**Task to complete:** Once the line containing "Clăpari de schi" is located in the records below, repeat it and all lines that follow it exactly, leaving out any picture.

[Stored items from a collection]
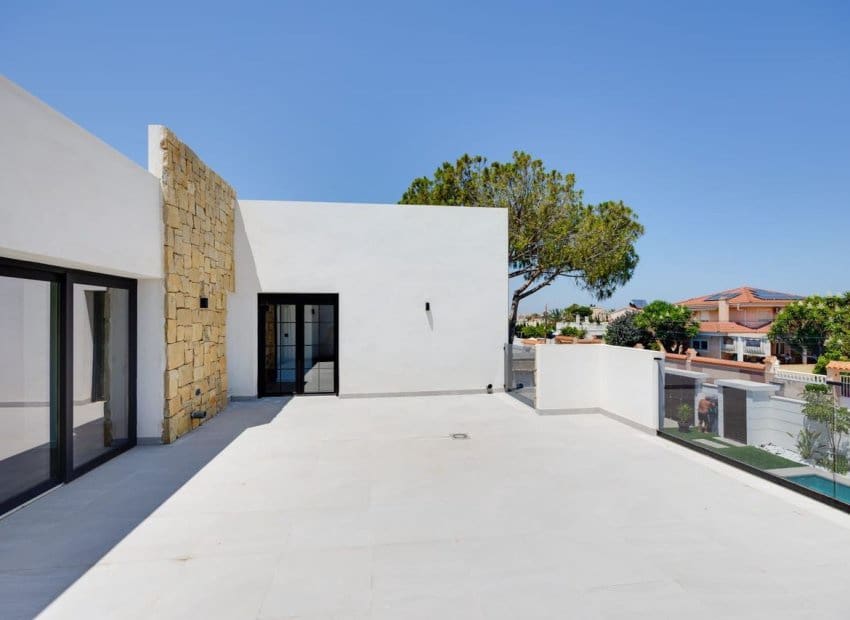 5 soveværelse Villa til salg i Torrevieja med swimmingpool - € 1.250.000 (Ref: 9559005)
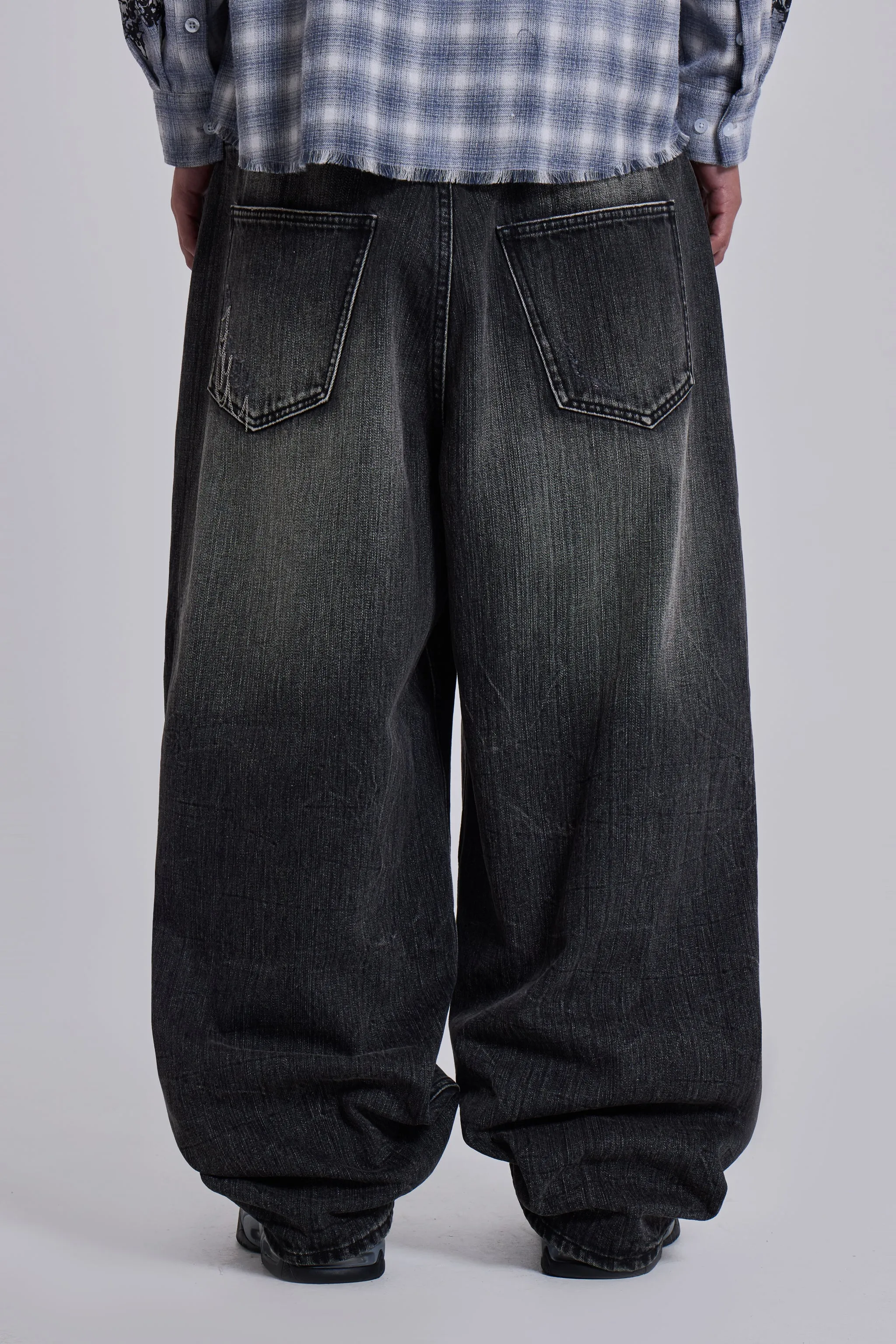 Chain Distressed XL Colossus Jeans sold by Jaded London product image thumbnail 4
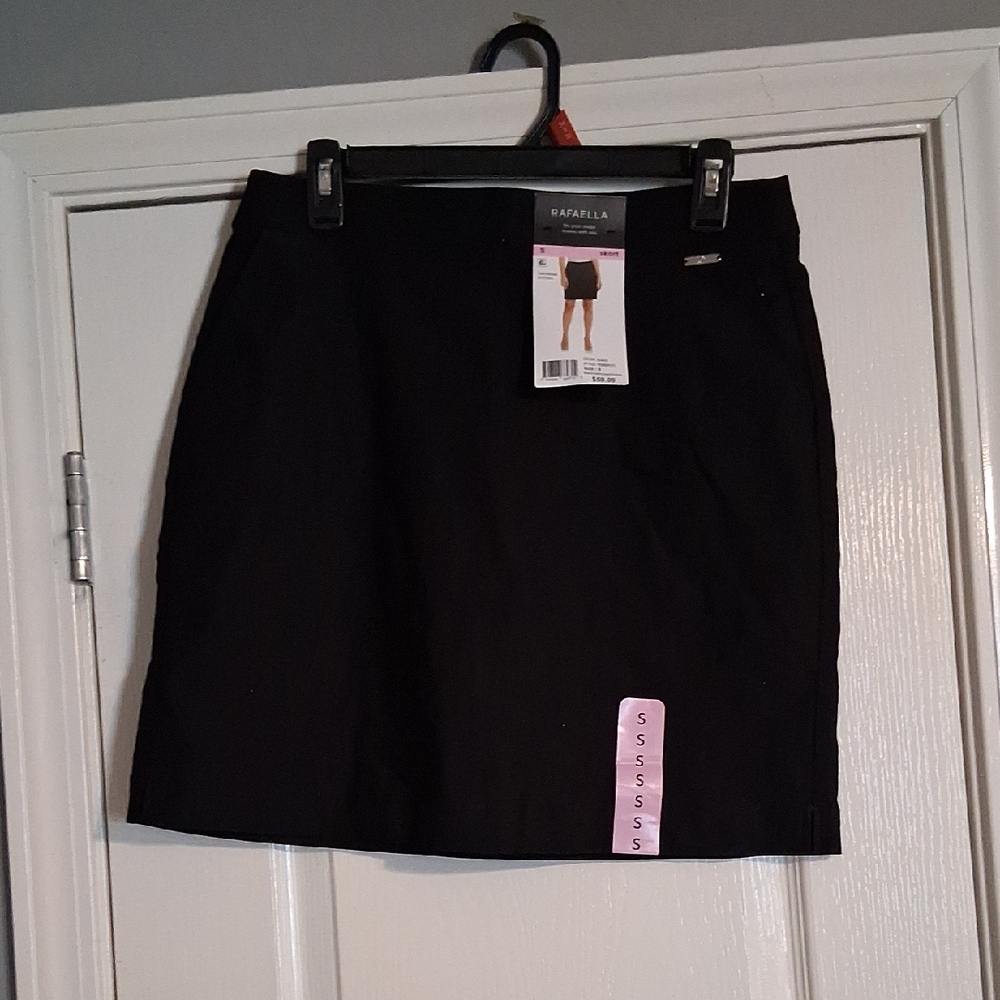 Rafaella Classic Black Mini Skort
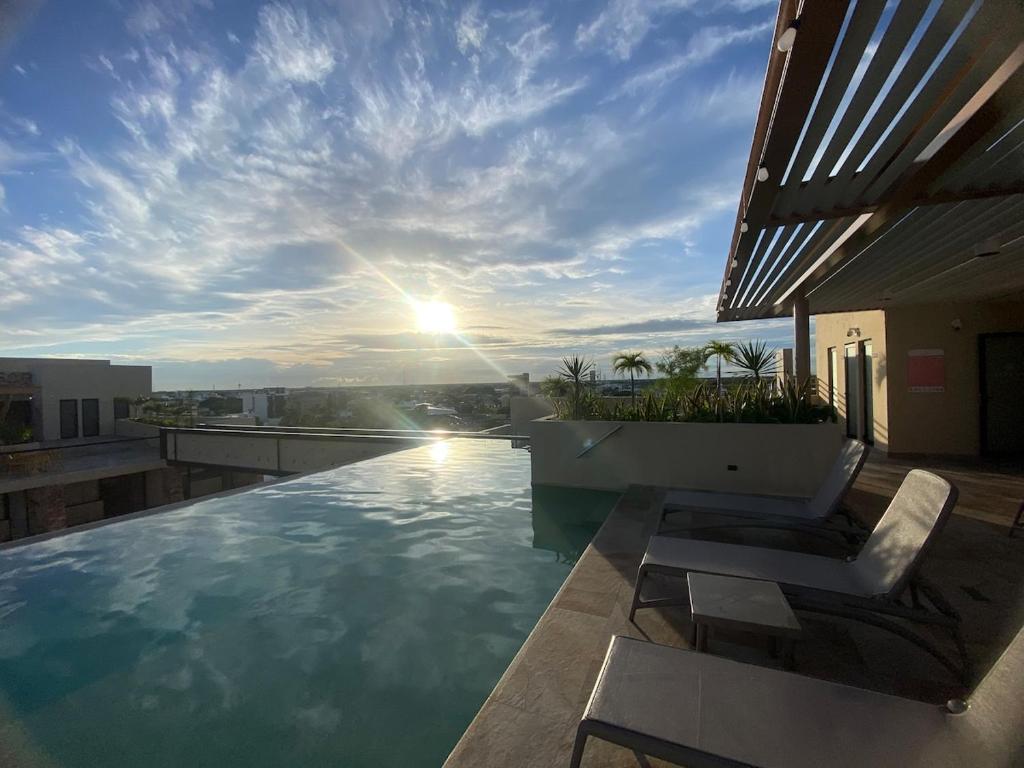 Luxury Studio Rooftop,Pool,Gym,Wifi,close to Beach - 2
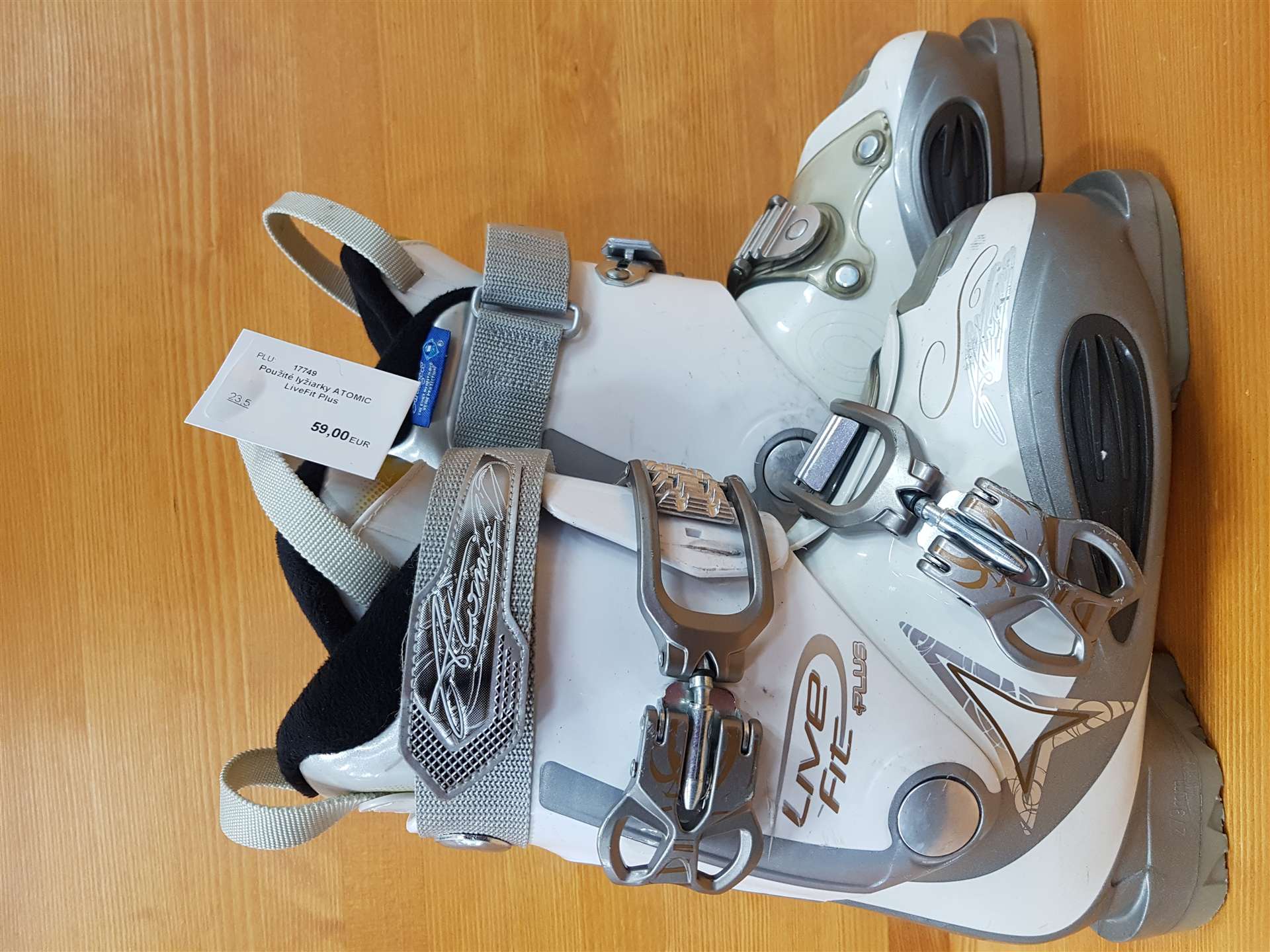 Clăpari de schi ATOMIC LiveFit Plus second-hand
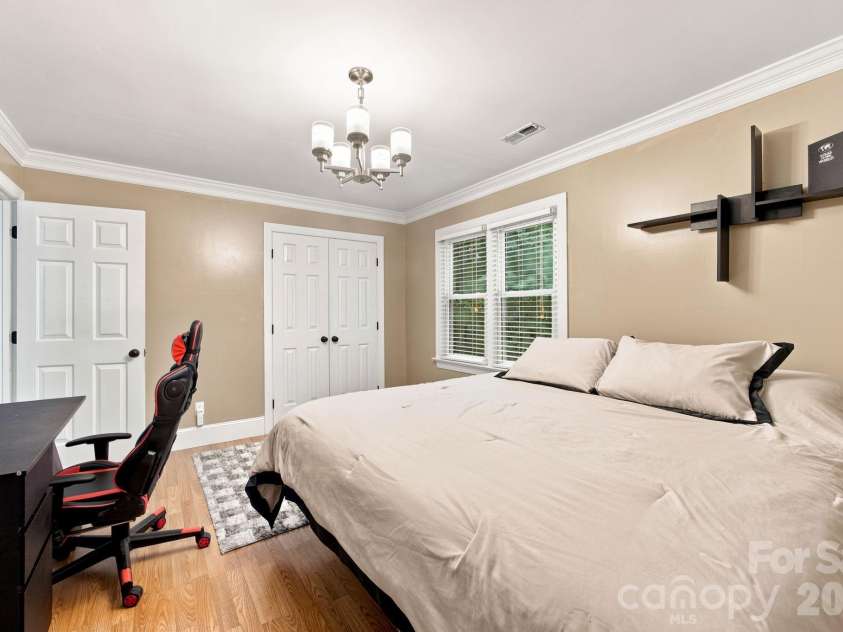 115 Valley Glen Drive, Waxhaw, NC 28173.  MLS# CAR4406430, YatesRealty ID 39764.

**Exercise solution:**
 Clăpari de schi ATOMIC LiveFit Plus second-hand
 115 Valley Glen Drive, Waxhaw, NC 28173.  MLS# CAR4406430, YatesRealty ID 39764.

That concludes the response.